My first mouse

Some say the ubiquitous computer mouse was born 40 years ago in 1968 when SRI researcher Douglas Englebart demonstrated, in what author Steven Levy called “the mother of all demos,” not just a kludgey wooden-cased mouse, but the system of user interactivity based upon it. However, I can say with authority that the mouse had escaped Englebart’s Augementation Research Center some months before.

Lawrence Livermore's PDP-1 installation

In September 1966 I began working at my first job after grad school. I hired into the engineering group supporting Lawrence Radiation Lab’s computer center with visions of working on the supercomputer (for the time) time-sharing system being assembled. My boss, Bob Wyman, however, gave me a wire-wrap tool and pointed me at the PDP-1 with the goal of designing and building an interface to a mouse George Michael was having built. George had seen Englebart’s work, and wanted a mouse to “play with.” My assignment was to design a two-channel A-D converter to digitize the x and y analog signals for the two potentiometers in the mouse. I don’t recall how long this took, but I think I made a good showing with my first project. For sure, the mouse was functional on the PDP-1 in early 1967.

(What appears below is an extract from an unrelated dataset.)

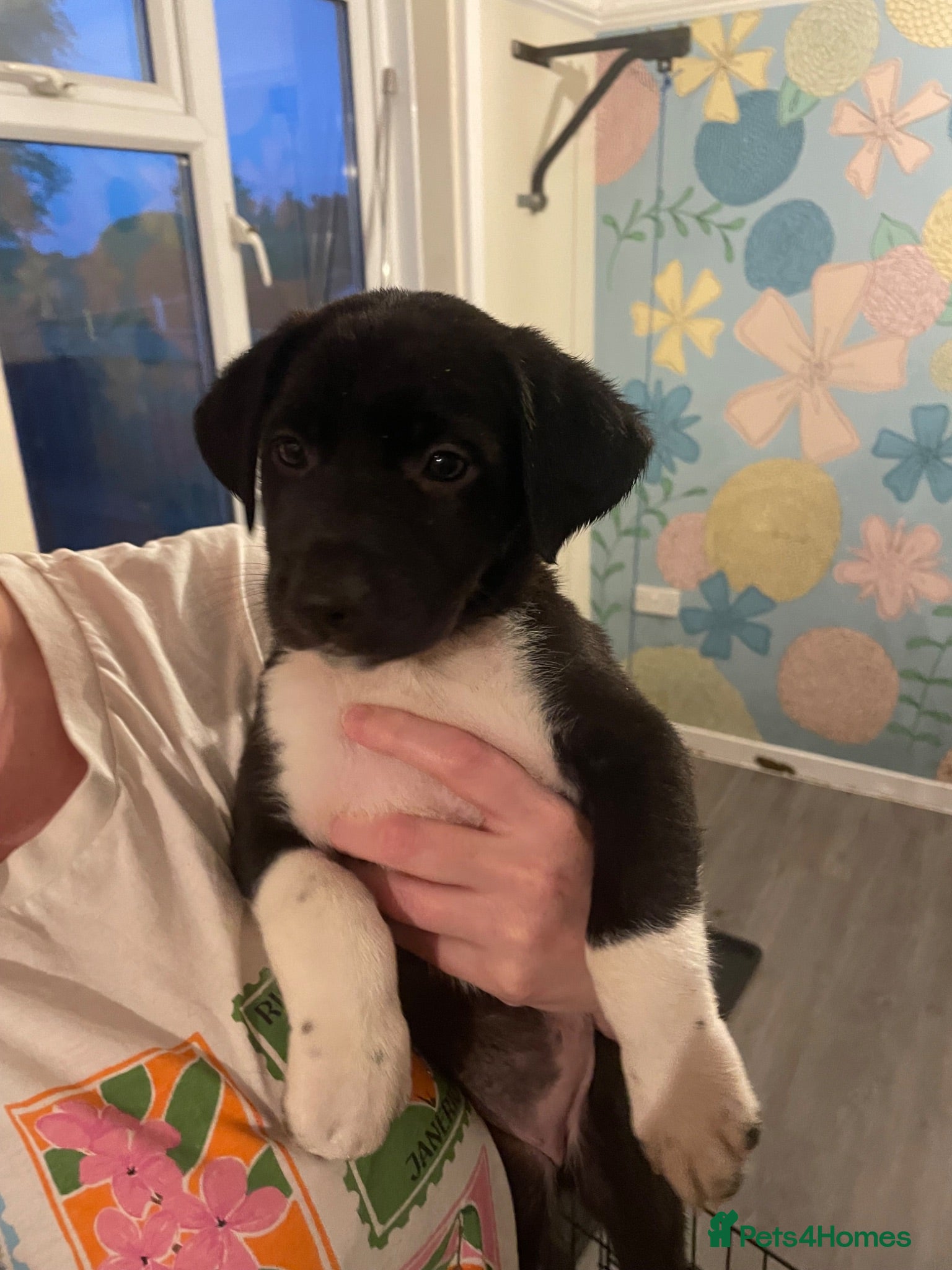 Mixed Breed dogs Last 5x left. Beautiful mixed breed puppies - Advert 10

Not long after I completed the mouse interface I transferred to a smaller engineering group supporting nuclear chemistry labs, so I’m not sure how much the mouse was ever used on the PDP-1, and getting all wrapped up in the laboratory automation that minicomputers ushered in, I paid no more attention to the user interface issues that Englebart was pioneering.

In 1984, the mouse became a permanent fixture in my personal computing environment when I bought an Apple Macintosh.